Five stories that have North Texas talking: Whole Foods sells rabbit meat, but not in Texas; T-shirts feature Gov. Perry’s mugshot; a look back at the first day of school; and more.
Rabbits have long been cute and cuddly – and they’re starting to appear on dinner plates. Austin-based Whole Foods is generating controversy for selling rabbit meat at select stores across the country. There have been protests around the U.S. in recent weeks. Earlier this month, House Rabbit Society staged demonstrations at dozens of Whole Foods, Reuters reports. Rabbit meat isn’t sold at Whole Foods’ stores in Dallas-Fort Worth or Texas, a spokeswoman told KERA. “Whole Foods, which offers about half of its 373 U.S. stores the option of selling rabbit, said it … has no plans to stop selling the meat,” Reuters says. More than 17,000 people have signed a petition on Change.org that asks Whole Foods to stop selling rabbit. Whole Foods says it’s developed standards based on four years of study to address “welfare issues in rabbit production.” Rabbits are becoming more popular on dinner plates, The Los Angeles Times reports. “In an era when game meats and nose-to-tail eating are redefining fine dining as food sport, rabbit is both familiar and exotic enough to appeal,” the Times says. KUT, Austin’s NPR station, explores the controversy. In other Whole Foods news, the company will no longer accept personal checks in Texas, Oklahoma, Louisiana and Arkansas starting Labor Day, The Dallas Morning News reports.

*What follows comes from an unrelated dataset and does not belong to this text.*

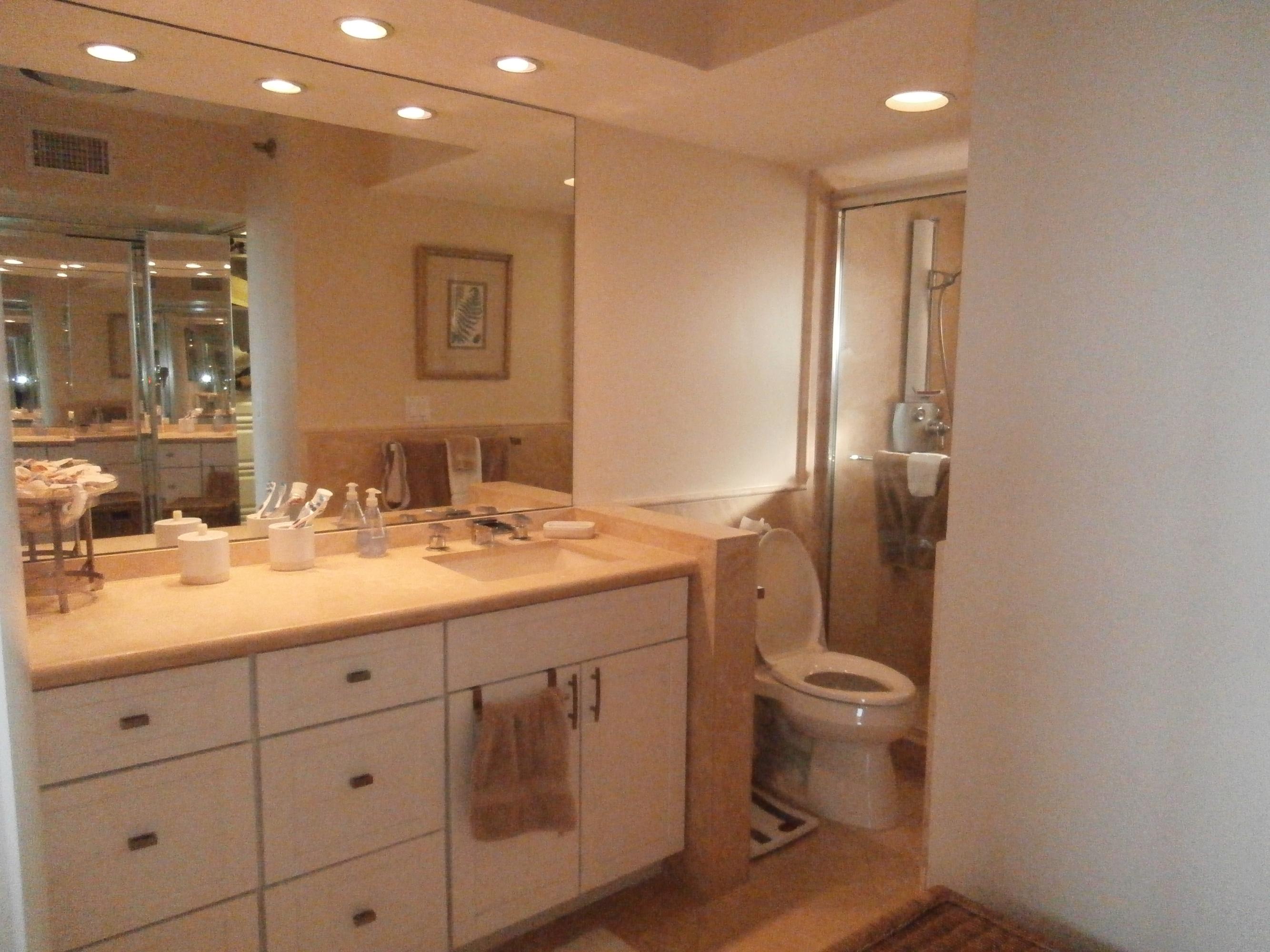100 Ocean Trail Way, Unit 408 Jupiter, FL 33477 - Photo 17 of 24 P4100166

- Dallas County District Attorney Craig Watkins’ spending of government funds is being questioned yet again. WFAA-TV reports he spent more than $18,000 in state asset forfeiture funds last year to pay his legal bills – and some are questioning whether that’s legal. John Helms, a former federal prosecutor, told WFAA that it “pushes the envelope” and that the DA’s office should have gone to the attorney general for its opinion. The DA’s office said Watkins has “broad discretion” over using the forfeiture funds and he did “nothing illegal or improper.” The legal bills came after Watkins was in court and was held in contempt for “refusing to answer questions about allegations that his office indicted an oil heir in order to benefit a friend and longtime political benefactor.” News of the $18,000 expenditure comes after WFAA first reported that Watkins used $50,000 from the asset forfeiture fund to pay a settlement over a car accident that he caused while driving a county-owned vehicle. The Dallas Morning News reports that Watkins' office spent more than $32,000 on "outside counsel in the fiscal year ending Aug. 31, 2013."
- Gov. Rick Perry’s smiling mugshot ricocheted across the internet last week – and now it’s on a T-shirt. RickPAC, the governor’s political action committee, is selling the shirt, which features Perry’s mugshot and says he’s “wanted” for “securing the border and defeating Democrats.” The back of the shirt features an earlier mugshot of Travis County District Attorney Rosemary Lehmberg. She had been arrested for drunken driving. The shirt says she’s “guilty” of “driving while intoxicated and perversion of justice.” The shirt is yours for $25. Read more from KERA News.
- Monday was the first day back at school for most North Texas students. A team of KERA reporters hit the streets to capture the big day. Stella Chavez explored what it was like for refugee families in Dallas. Doualy Xaykaothao profiled pre-Kindergarten in Fort Worth. Bill Zeeble featured a homeless teen heading back to class. And Dianna Douglas chased after an energetic new principal at Fort Worth’s Polytechnic High. Here’s a look back at the sights and sounds of day No. 1. And the teachers are nervous, too – we profiled a teacher who’s not new to teaching but is new to Dallas.
- Lake Highlands’ St. Vincent gets more publicity, this time from across the pond. British GQ spoke with the singer, aka Annie Clark. She told GQ about a good book with a North Texas connection: “I just read a book called Love Me Back by a woman from Dallas, Texas called Merritt Tierce. It's excellent. It's fiction but it seems to be cut pretty close to her life: she talks about her life in the food service industry (which sounds like it could be a very boring premise) but it's an awesome book. It's especially poignant for me reading it because I knew every restaurant she was talking about in Dallas: they remind me of a time in my life. I remember when you were 14 and you'd used to go to [Chili’s] to hang out on a Friday night and think it was very wild. All the tchotchke Americana on the walls: amazing!”